It was a wide and lofty shed, with piles of cord-wood and slabs at either end, and walled on the farther side with kindling, sawed, split, and piled up with admirable neatness. The place gave out the sweet smell of the woods from the bark of the logs and from the fresh section of their grain. A double rank of saw-horses occupied the middle space, and beside each horse lay a quarter of a cord of wood, at which the men were toiling in sullen silence for the most part, only exchanging a grunt or snarl of dissatisfaction with one another.

"Morning, mates," said Lemuel's friend cheerfully, as he entered the shed, and put his horse down beside one of the piles. "Thought we'd look in and see how you was gettin' along. Just stepped round from the Parker House while our breakfast was a-cookin'. Hope you all rested well?"

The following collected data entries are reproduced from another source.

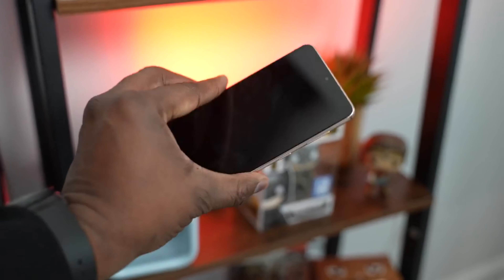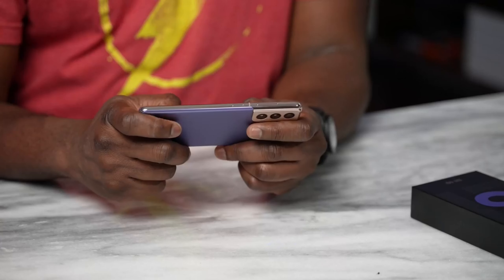Hey guys, Thunder E here — and no, I did not forget this bad boy, the S21. I have it in here. Let's go ahead, unbox this bad boy and then start gaming. As you can clearly see, there is nothing in the box in terms of charger and headphones — that is no longer there with the S21 series. Another thing to mention is there's also no support for MST, which is the payment system that can replicate credit cards.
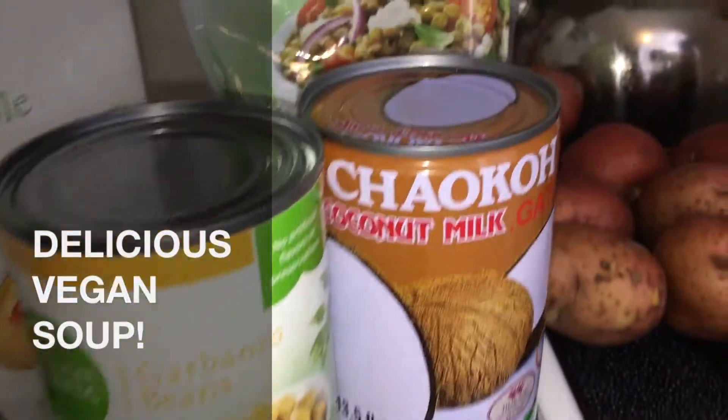What's up chickpeas? Today we're going to make a delicious vegan soup, Zupa inspired.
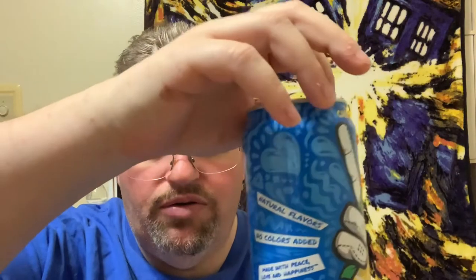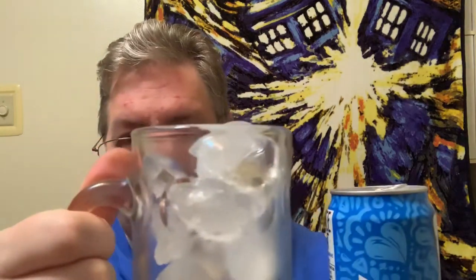This isn't carbonated, so it's tea and lemonade — there's not going to be any carbonation. I'm going to open this up. I've got a glass here with some ice in it.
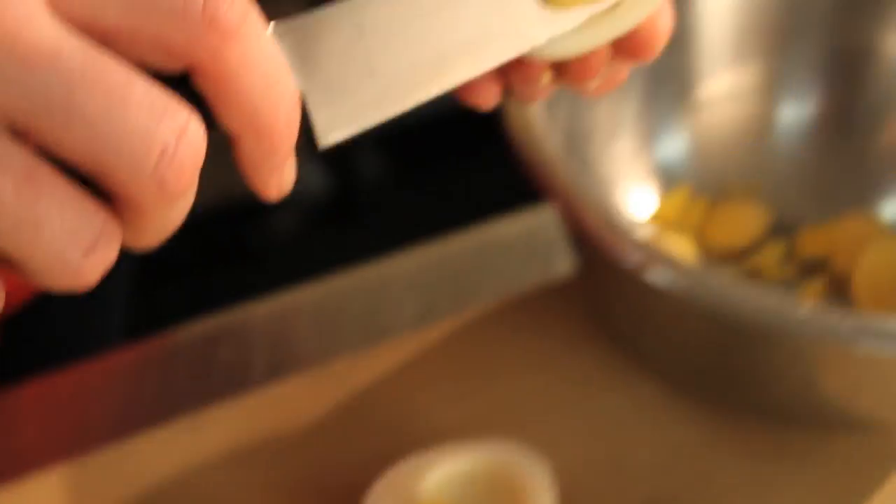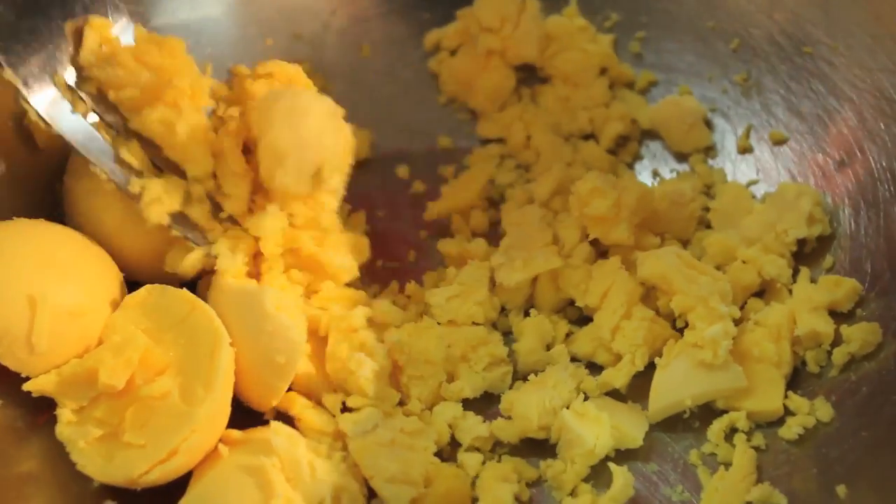First, we're gonna slice the eggs in half, remove the yolks, placing the filling into a mixing bowl. Using a fork we're going to break apart the egg yolks as finely as possible.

The men paused, with their saws at different slopes in the wood, and looked round. The night before, in the nakedness in which Lemuel had first seen them, the worst of them had the inalienable comeliness of nature, and their faces, softened by their relation to their bodies, were not so bad; they were not so bad, looking from their white nightgowns; but now, clad in their filthy rags, and caricatured out of all native dignity by their motley and misshapen attire, they were a hideous gang, and all the more hideous for the grin that overspread their stubbly muzzles at the boy's persiflage.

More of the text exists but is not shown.